Task => Restate each of the lines below word for word and drop every picture.

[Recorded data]
★ ★ ★

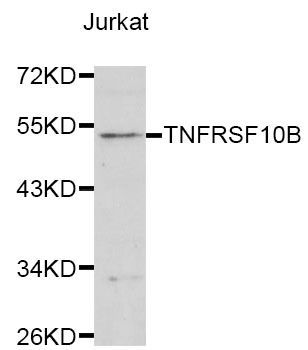 Western blot - TNFRSF10B antibody (144-01236)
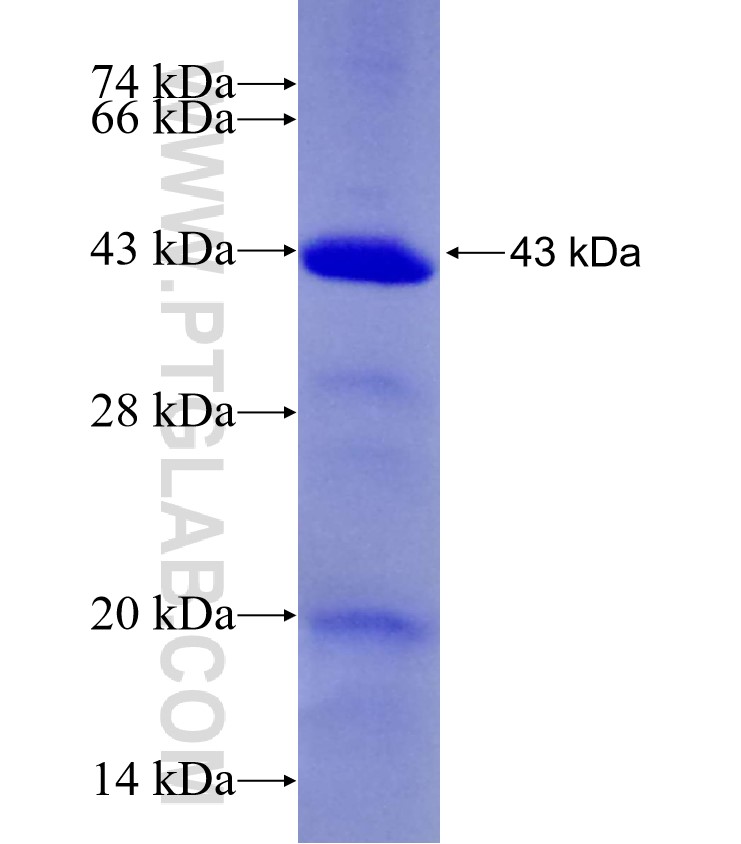 MAN2B2 fusion protein Ag29258 SDS-PAGE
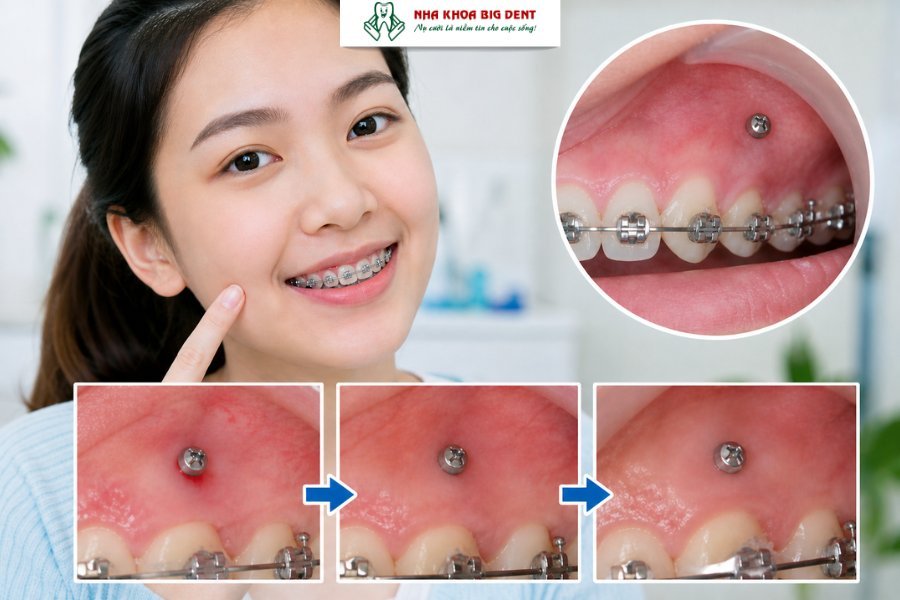 cắm vít niềng răng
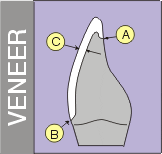 diagram of tooth and porcelain veneer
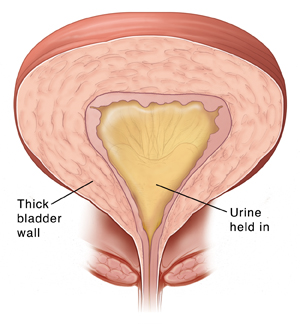 Cross section of bladder with thick wall. Urine is held in because of thickened bladder wall.
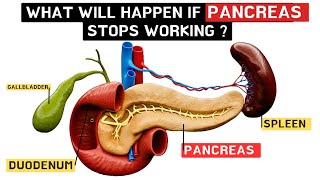 What will happen if pancreas stop working !? Exocrine pancreatic insufficiency EPI !!!..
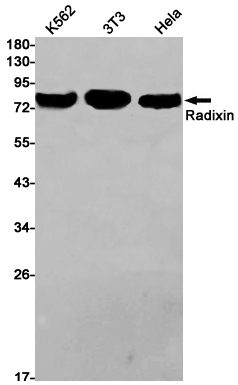Rabbit Monoclonal Antibody to Radixin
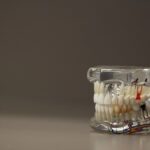teeth-whitening-640x480-43276956.jpeg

★ ★ ★

Result =>
 Western blot - TNFRSF10B antibody (144-01236)
 MAN2B2 fusion protein Ag29258 SDS-PAGE
 cắm vít niềng răng
 diagram of tooth and porcelain veneer
 Cross section of bladder with thick wall. Urine is held in because of thickened bladder wall.
 What will happen if pancreas stop working !? Exocrine pancreatic insufficiency EPI !!!..
Rabbit Monoclonal Antibody to Radixin
teeth-whitening-640x480-43276956.jpeg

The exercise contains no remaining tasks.